BRUSSELS – European Commission has received an official letter from the Prime Minister of Montenegro and is working on a response on how to support the country in repaying the loan taken from Chinese ExIm Bank in 2014.
“We will not pre-empt this by publicly commenting on various options or speculations. The EU does not and cannot repay loans from third parties, however, we do stand by Montenegro and are working on exploring options on how to provide support, in line with EU policy and financial rules”, EC Spokeswoman Ana Pisonero said for European Western Balkans.
Previously, the only information available to the public was that Deputy Prime Minister Dritan Abazović asked for EU’s assistance in a meeting with European Parliament Foreign Affairs Committee (AFET) in March.
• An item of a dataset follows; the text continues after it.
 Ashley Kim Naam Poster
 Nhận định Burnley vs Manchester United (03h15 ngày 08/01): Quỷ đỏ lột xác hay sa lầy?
The statements of EC Spokespersons earlier this week that the EU does not help with repaying the loans from the third parties has caused negative reactions.
“The Chinese government has the chance (if Montenegro cannot serve the loan) to take over main parts of Montenegro’s coastline. So, before that we should think twice not to play in the Chinese hands again,” wrote MEP Viola von Cramon (Greens/EFA) on Twitter earlier this week.
If Montenegro were to default on the loan worth almost $1 billion, the terms of the contract give China the right to access Montenegrin land as collateral, Financial Times reported recently.
One of the questions that remains unanswered is how exactly the EU can help Montenegro with the situation. Ana Pisonero reminds that the framework of the Economic and Investment Plan for the Western Balkans, presented in October last year, is aiming to mobilise up to €9 billion for the reagion.
“We are confident that with the Economic and Investment Plan the EU can offer the best possible conditions for major infrastructure investments in the Western Balkans. We are providing a mix of grants, guarantees and preferential loans from International Financing Institutions, such as the EIB and EBRD. This will help governments in the region to get best value for money for ‘future-proof’ investments”, Pisonero says.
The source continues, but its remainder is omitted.